Writing on 1 Peter, Fleming Rutledge identifies the theme of the letter as “the church among the nations as the people of the crucified, risen, and reigning Christ.”
The first epistle of Peter is a letter from a God’s—eye view, and the view it gives is of the church. We can never say it often enough: the Bible is addressed, for the most part, not to individuals, but to the people of God.7 We need to say still more. As Peter puts it in various ways over and over throughout the letter, the people of God have been constituted, not by their own preferences or choices, but by Gods’ prior choice, first of Israel, and then, through Jesus Christ, of the church. The church resists, endures, and conquers not through its own efforts, let alone its merits, but because of the call, the commission, and the continuing presence of God. “The God of all grace, Who has called you to his eternal glory in Christ, will himself restore, establish, and strengthen you.” The church lives out of (not “into” but “out of”) its foundation upon the “living stone” (I Pet. 2:6), which is Christ, out of its baptism into his death and resurrection, out of its promised future guaranteed by his Holy Spirit. It is this certainty that gives courage for resistance.

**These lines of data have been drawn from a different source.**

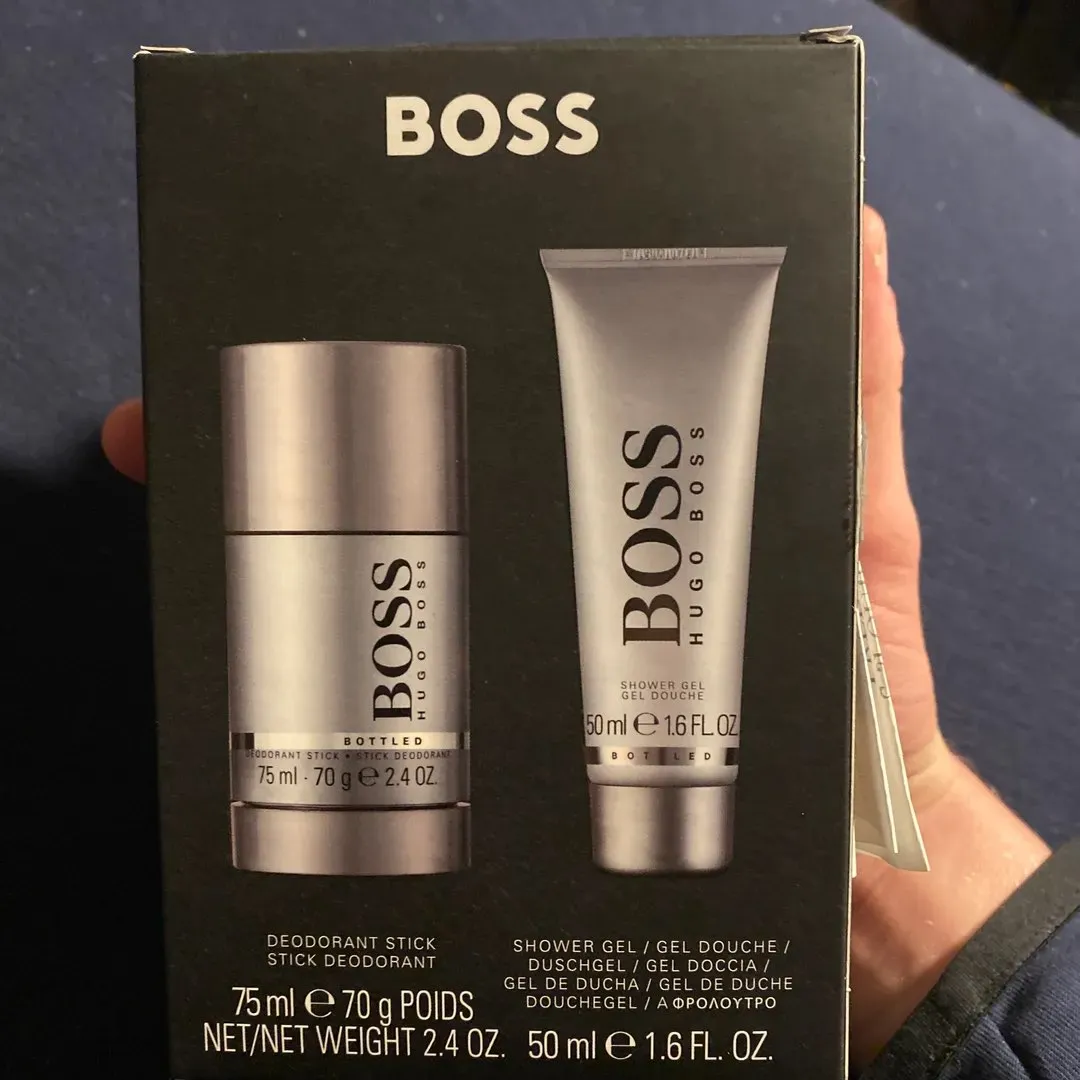 Hugo boss bottled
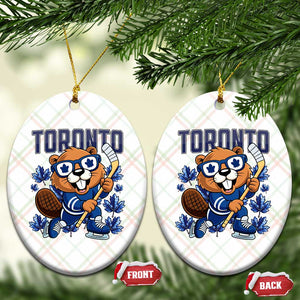 Toronto Ice Hockey Beaver Ceramic Ornament Canadian Pride Gift TS12 Print Your Wear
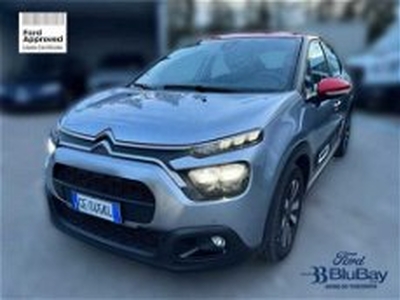 Citroen C3 PureTech 83 S&S Shine Pack del 2021 usata a Livorno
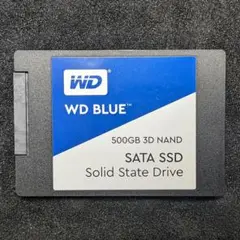 WD BLUE 500GB SATA SSD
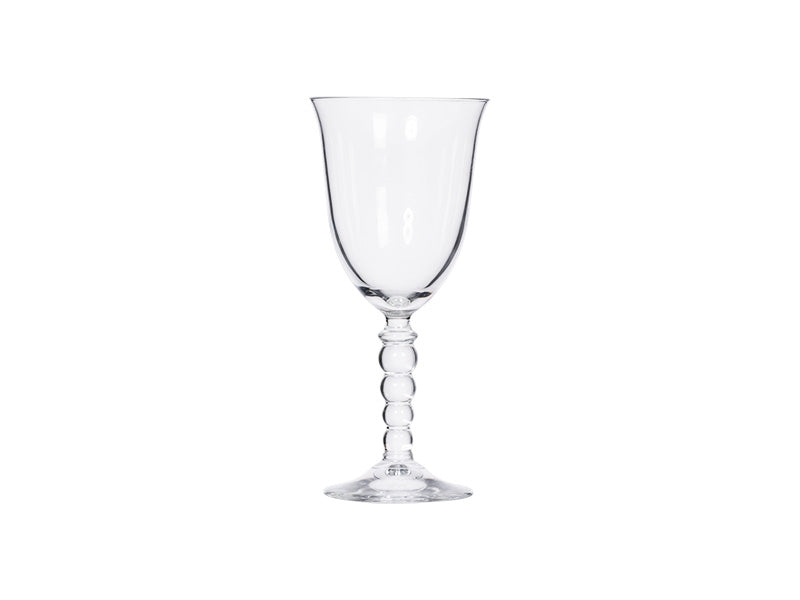 Water-/wijnglas bolvoet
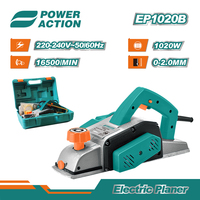 Raboteuse électrique portable 1020W, machine à raboter le bois, raboter le bois
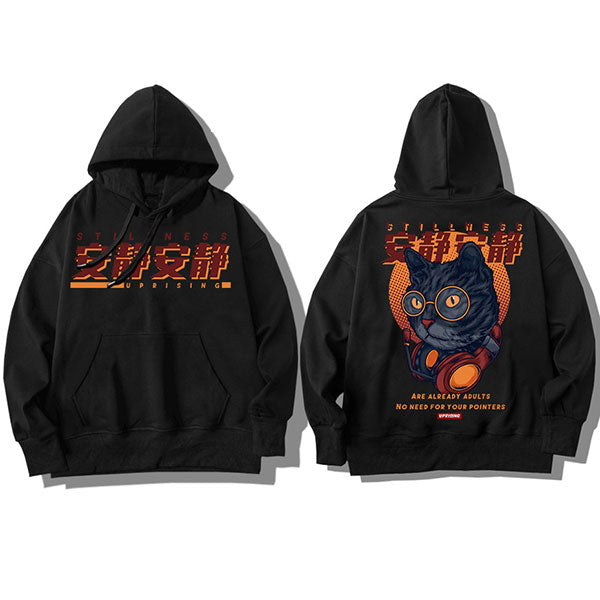 Hoodie japonais chat hipster-1.jpg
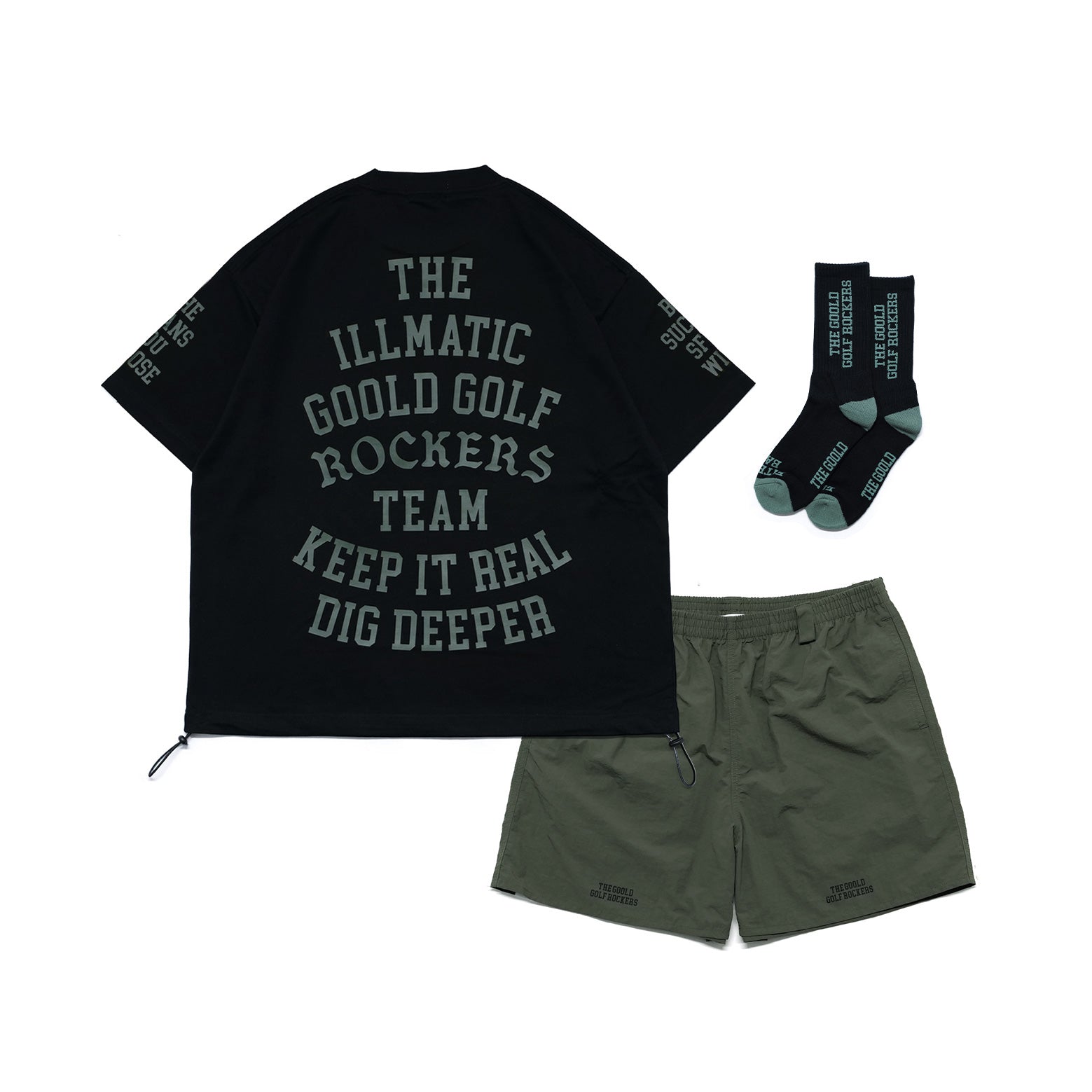 TOPS – GOOLD GOLF ROCKERS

Fleming Rutledge, Advent – The Once & Future Coming Of Jesus Christ, Eerdmans, 2018, pg 131.
The footnote indicated in the passage above expands the idea:
7. Therefore resistance is not largely a matter of individuals but of the corporate body. “Peter does not issue a general call to become a Christian and then, as a subsequent and perhaps optional move, for individual Christians to join togetherinto a voluntary association that might serve our projects of being individual Christians.” God precedes the people; the people precedes the person; the person is constituted by being incorporated into the people (Harink, 1&2 Peter, 73).